Lyon : un site met en lumière l'affaire du prêtre accusé de pédophilie

Les faits datent de près de 25 ans. Pourtant, la lumière n'a pas encore été faite sur la gestion des accusations de pédophilie survenues au sein d'un camp de scouts au foulard vert du groupe Saint-Luc, issu de la paroisse de Sainte-Foy-lès-Lyon. Aujourd'hui, l'association "La Parole Libérée" entend briser les tabous.

Libérer la parole, c'est le but de l'association créée le 17 décembre dernier par les victimes d'agressions sexuelles d'un prêtre entre 1970 et 1991. Abusés entre 9 et 11 ans et aujourd'hui adultes, il n'est jamais trop tard pour constater que si la pédophilie reste taboue, elle restera également difficile à combattre.

Sur leur site Internet, l'association diffuse de nombreux témoignages de victimes, ainsi que plusieurs correspondances à télécharger, entre certains parents avec le diocèse de Lyon, ou même avec le prêtre en question. L'un des documents est d'ailleurs une lettre d'aveux du prêtre, qui aurait écrit aux parents n'avoir jamais nié ce qui lui était reproché.

A l'époque, l'affaire se gère en interne, afin d'éviter tout scandale public. Plusieurs parents de victimes contactent le diocèse de Lyon pour dénoncer les pratiques douteuses qui ont lieues dans les camps de scouts du groupe Saint-Luc. Monseigneur Decourtray prend le dossier en main, le prêtre sera demis de ses missions. Pourtant, quelques mois plus tard, Monseigneur Decourtray - décédé en 1994 - lui confie une nouvelle charge pastorale. Il sera définitivement écarté de ses fonctions le 1er septembre dernier seulement, soit près d'un an après que le cardinal Barbarin ait été mis au courant.
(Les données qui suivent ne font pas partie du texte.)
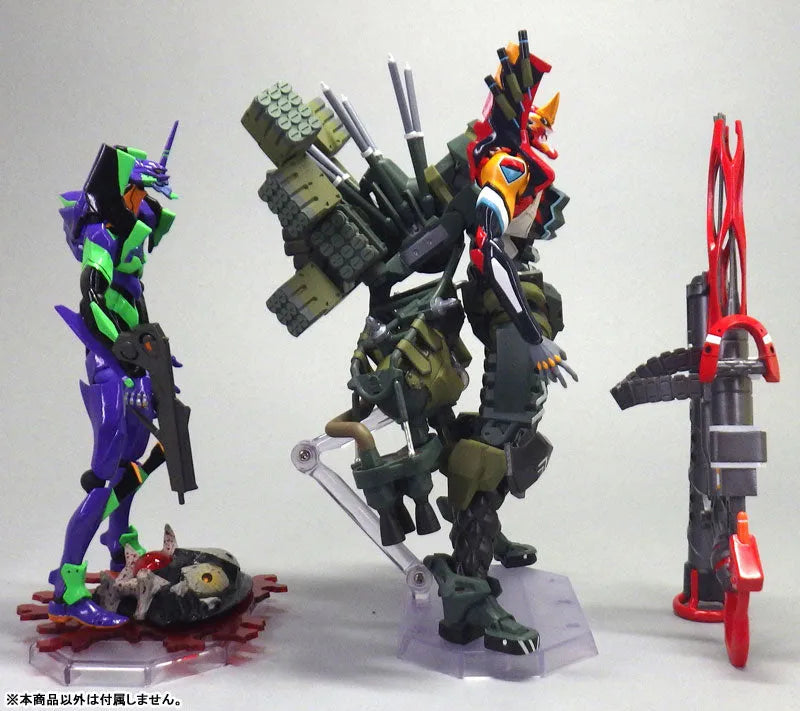 Shin Evangelion Gekijouban:|| - EVA-02 - Evangelion Evolution - Revoltech - EV-021 - New Eva-02 (Kaiyodo)ㅤ – Kaiyodo – ActionFigureBrasil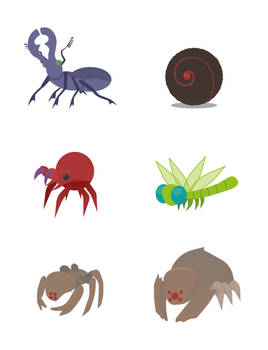 Some bugs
Un mois plus tard, c'est le diocèse de Lyon qui décide d'évoquer publiquement l'affaire dans un communiqué.

Enquête judiciaire et procès canonique

Depuis le mois de juillet dernier, une enquête préliminaire de la Brigade de la protection des familles a été ouverte. Reste à savoir si les faits reprochés au prêtre – présumé innocent puisqu'il n'aurait pas encore été entendu par la police – seront prescrit. Pour François Devaux, président de l'association " La Parole libérée" : "seul un juge décidera si les faits sont prescrits ou non. L'affaire devrait passer au parquet la semaine prochaine. Mais ce qui a été dit de manière officielle par le diocèse de Lyon soulève bien des questions. La gravité du sujet que l'on traite a-t-elle été prise en compte ? Le 18 mai 2015, le cardinal Barbarin nous a dit avoir pris la décision de retirer un homme considéré à risque pédophile de ses fonctions. Pourtant, le prêtre aurait continué d'officier jusqu'à l'été dernier. Si le diocèse veut jouer la carte de la transparence, nous aimerions bien savoir quelles mesures de sécurité ont été prises pour qu'entre le mois de mai et le mois d'août, le prêtre ne soit pas en contact avec des enfants."

Mardi, le diocèse s'est exprimé par un communiqué : "L'Eglise a changé". Il précise qu'aucune plainte n'a été déposée contre le prêtre en question depuis 1991. Le cardinal Barbarin déclare se tenir à disposition des victimes pour les recevoir et envisage la tenue d'un procès canonique à l'issue de la procédure civile. Une action louable mais un peu tardive pour François Devaux : "le procès canonique en soi, je trouve que c'est une bonne chose, je trouve ça juste dommage qu'il arrive si tard. Il y a eu plusieurs avertissements en 1980 et en 1991. Au sein de notre association, il faut voir le témoignage de Laurent. Il affirme avoir, à l'initiative de Régine Maire, membre du diocèse chargée aujourd'hui du dossier, eu un rendez-vous pour parler de ce qu'il a subit en 2011 avec le Monseigneur Brac de la Perrière. Ce qui est quand même surprenant, c'est que Régine Maire et le cardinal Barbarin affirment n'être au courant que depuis 2014. En tant que président de l'association, je suis là pour révéler tout ce qui pourrait être de nature à l'être, que ce soit dans le cadre de la justice civile, de l'association ou d'un procès canonique. J'essaye simplement de faire le lien entre la volonté ferme et courageuse d'un pape et celle des fidèles. Car je ne peux pas croire qu'il y ait un fidèle qui puisse justifier de tels agissements et de tels manquements dans le cadre de l’Église." L'affaire, toujours aussi douloureuse, est donc aujourd'hui entre les mains de la justice, après vingt ans de silence.